Deep dish pies were first seen in Chicago in 1943 at a shop called Pizzeria Uno. They were surpassed in depth in 1971, when Rocco Palese, a recent immigrant from Turin who had recently opened a shop called Nancy’s that was named for his wife, improved on the traditional deep dish recipe with a two-and-a-half inch-deep “stuffed pizza.” In this version, the fresh dough is hand-pressed into a pan, filled with two layers of ingredients (“toppings” is not strictly accurate) separated by cheese, and then sealed by a final, thinner, layer of dough with a small hole in the center. It is then topped off with a tomato sauce.
The Paleses sold the small chain to Chicago Franchise Systems, Inc. in 1990. They now operate three dozen Nancy’s locations in Illinois and two here in Atlanta which are the only places for more than a hundred miles where anybody can get a stuffed Chicago pie*. One is in the Old Fourth Ward and the other’s in Buckhead, where we stopped in for supper.
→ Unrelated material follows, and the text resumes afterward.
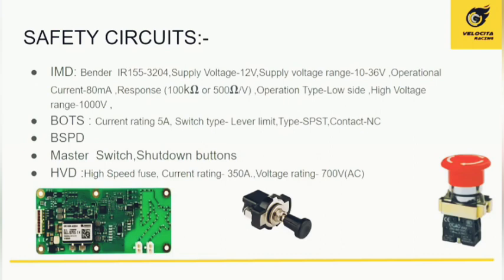Safety circuits are the most important features of the car. A Bender IMD (Insulation Monitoring Device) continuously measures resistance between the high voltage and low voltage lines — nominally 100 kilohms or 500 ohms per volt. If resistance drops below this threshold, the IMD triggers the shutdown circuitry. The brake over-travel switch (BOTS) opens the shutdown circuit if a brake circuit fails. The BSPD (Brake System Plausibility Device) ensures no hard braking is applied simultaneously with high motor power, and opens the shutdown circuitry if triggered.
Curious about deep dish after that Daily Show segment, it had actually been on my radar for a few months before the restaurant’s PR team reached out to us and asked if we’d like to have a meal on them. This seems to be part of a larger PR strategy that includes the employment of Chicago sports legend Mike Ditka as the new spokesperson for Nancy’s and for CFS’s sister restaurant, Al’s Beef. Bit of a shame that we won’t see those TV ads in this market, really.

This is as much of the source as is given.